De imediato, o alívio. Acabou. Fim. Foi.

Na sequência, a constatação de que sobrevivemos.

Estamos aqui na luta, respirando, dispostos a reconstruir um país.

Fazer de novo, dessa vez com foco na verdadeira história dessa nação: uma história que envolve genocídios, extermínios, escravidão, opressão.

Encarar para transformar, como pediu James Baldwin: "nem tudo o que se encara pode ser transformado, mas nada pode ser transformado até que seja encarado". Um salve para a genialidade de James Baldwin.

Chega de exclusão, de opressão, de repressão. Chega de um mesmo sujeito político trabalhando para nos dominar e sujeitar.

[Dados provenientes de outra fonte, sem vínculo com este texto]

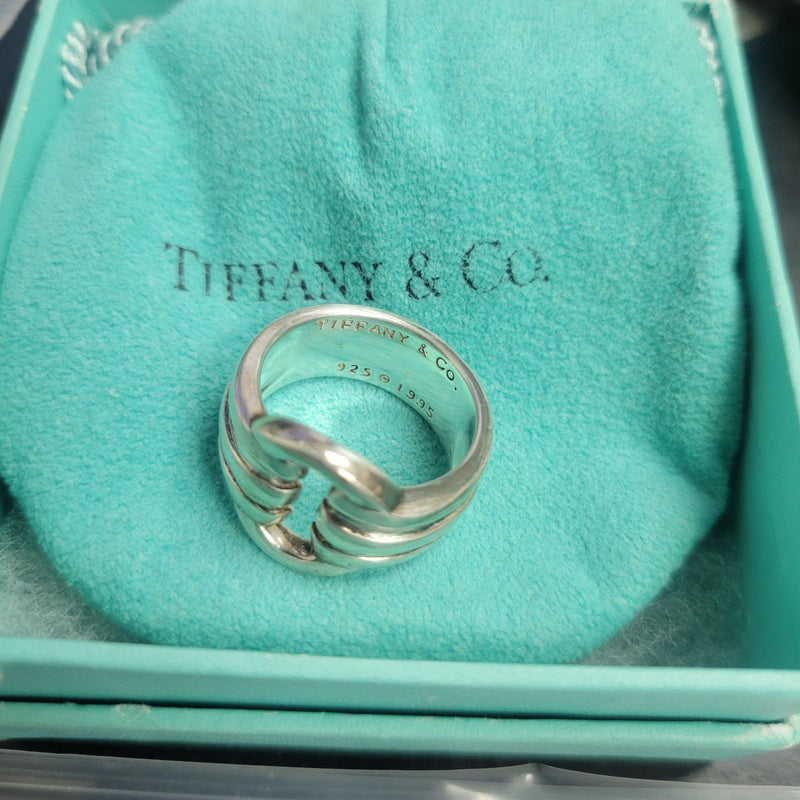 Vintage 1995 Tiffany Co. Sterling Silver Wide Atlas Buckle Ring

Estamos vivos, a despeito da guerra travada contra nossos corpos e modos de vida.

Vontade de chorar, abraçar, dançar, pular, berrar.

Vivos e testemunhando a construção de um ministério minimamente representativo. Pela primeira vez.

Vivos e deixando o medo sair de nossos poros.

Vivos e, depois de um longo e tenebroso inverno, confiantes.

Festejar sem jamais esquecer o que tivemos que enfrentar. Dos dias sombrios. De quem nos deixou antes da hora. De tanto sofrimento desnecessário. De tanta pulsão de morte e destruição.

Cobrar punição, cobrar justiça e o devido destino a todos os que nos trouxeram até aqui.

Lembrar sempre de quem apoiou esse estado terrível de coisas.

Paulo Guedes, o arquiteto da barbárie.

Damares Alves e sua demoníaca concepção de sociedade.

Jair Bolsonaro e seu exército macabro de pessoas não necessariamente fardadas mas necessariamente perversas.

Acabou.

Ver o avião levar daqui esses dejetos foi ao mesmo tempo um conforto e uma revolta.

Não vão escapar da justiça. Voltarão. Um a um.

Enquanto isso a gente se abraça e constrói um país socialmente legítimo.

Agora é hora de festa. Hora de amarmos uns aos outros livremente. Hora de fazer a nossa arte.

Deixar ir os que não sabem amar. Os que não gostam de abraçar. Os que não têm aptidão para a paixão.

Acabou. Estamos vivos e vamos comemorar do nosso jeito.